The LSU graduate and Austin, Texas, resident has lived and worked in New York, and recently competed on NBC’s “Fashion Star” in Los Angeles, but when it’s time to design clothes for her fashion line, Pearl Southern Couture, her Texas and Louisiana background takes center stage (or runway).
“I wanted to create a line that reflected everything I’d come to love about living in the South, and people in the South, just the way they dress, the whole culture and lifestyle,” Perley said last week from Austin. “When I design I keep that Southern customer in mind, you know, what is she doing, where is she going, what does she want to wear to work, what does she want to wear out, what does she want to wear when she goes to tailgate at a football game, or a formal event.”
Viewers will get the chance to see Perley’s creative process at work on “Fashion Star’s” second season, which premieres Friday.
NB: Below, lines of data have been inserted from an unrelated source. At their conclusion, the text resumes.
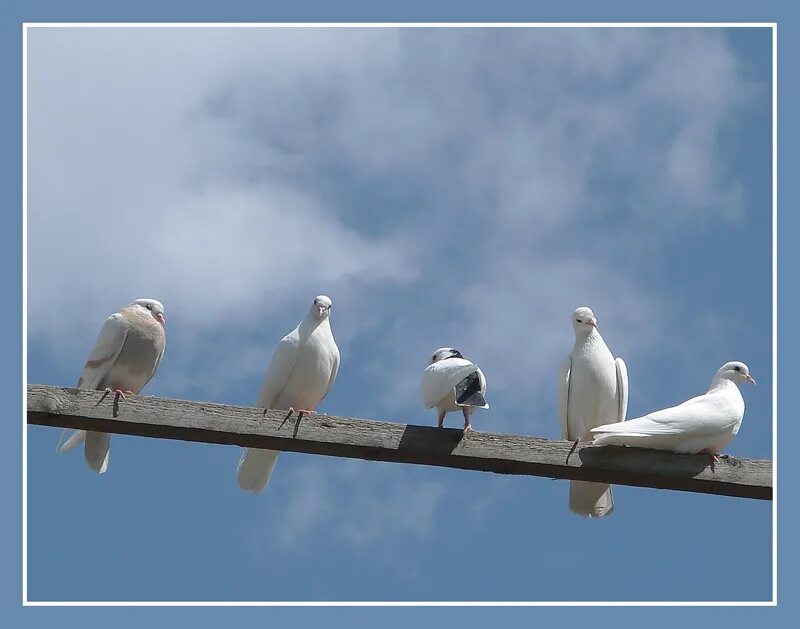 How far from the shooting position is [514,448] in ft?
18.6

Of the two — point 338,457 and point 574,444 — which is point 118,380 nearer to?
point 338,457

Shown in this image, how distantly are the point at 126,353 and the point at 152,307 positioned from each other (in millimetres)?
547

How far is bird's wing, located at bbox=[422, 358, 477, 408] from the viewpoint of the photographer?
19.8ft

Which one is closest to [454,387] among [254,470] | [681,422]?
[681,422]

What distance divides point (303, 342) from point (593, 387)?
5.92 feet

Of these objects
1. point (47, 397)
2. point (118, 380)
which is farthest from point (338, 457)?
point (118, 380)

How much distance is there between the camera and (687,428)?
597 cm

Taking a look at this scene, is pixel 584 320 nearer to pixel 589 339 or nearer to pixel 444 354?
pixel 589 339

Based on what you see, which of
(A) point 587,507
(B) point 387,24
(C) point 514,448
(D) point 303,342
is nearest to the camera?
(C) point 514,448

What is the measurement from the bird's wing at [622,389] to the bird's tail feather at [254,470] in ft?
7.03

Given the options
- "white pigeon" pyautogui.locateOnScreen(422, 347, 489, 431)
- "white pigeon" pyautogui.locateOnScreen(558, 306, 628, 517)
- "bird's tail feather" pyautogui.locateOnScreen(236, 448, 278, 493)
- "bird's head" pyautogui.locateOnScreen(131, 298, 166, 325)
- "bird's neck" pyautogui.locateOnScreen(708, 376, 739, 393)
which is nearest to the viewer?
"white pigeon" pyautogui.locateOnScreen(422, 347, 489, 431)

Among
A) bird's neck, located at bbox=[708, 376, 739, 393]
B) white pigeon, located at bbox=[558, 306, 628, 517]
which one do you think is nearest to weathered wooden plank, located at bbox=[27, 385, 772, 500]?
bird's neck, located at bbox=[708, 376, 739, 393]

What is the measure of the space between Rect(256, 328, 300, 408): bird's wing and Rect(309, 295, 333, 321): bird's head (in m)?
0.21

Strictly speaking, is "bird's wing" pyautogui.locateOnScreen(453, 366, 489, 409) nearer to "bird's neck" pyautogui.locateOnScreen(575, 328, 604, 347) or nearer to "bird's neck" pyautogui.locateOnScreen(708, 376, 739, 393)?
"bird's neck" pyautogui.locateOnScreen(708, 376, 739, 393) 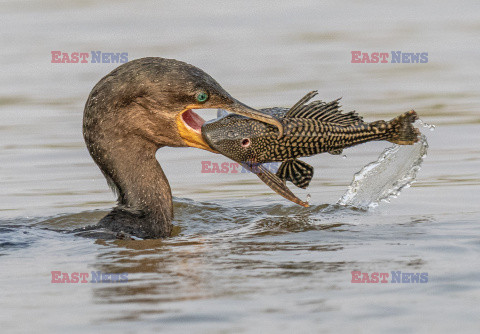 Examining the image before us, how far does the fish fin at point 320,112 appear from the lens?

Each week the 12 contestants will be given a challenge to design clothing with a certain look, feel and function. Mentors Nicole Richie, Jessica Simpson and John Varvatos will offer input as the designers progress with their creations, shop for materials and oversee the production of their garments.
It’s all capped off with a fashion show where the contestants will display their work to buyers for Macy’s, Saks Fifth Avenue and Express.
One contestant is eliminated each episode. The winner’s multimillion-dollar prize will be launching his or her original collection at the three fashion retailers.
“When the first season aired, I watched it, and I really liked the entire concept of the show, and my friends and family definitely encouraged me to apply,” Perley said.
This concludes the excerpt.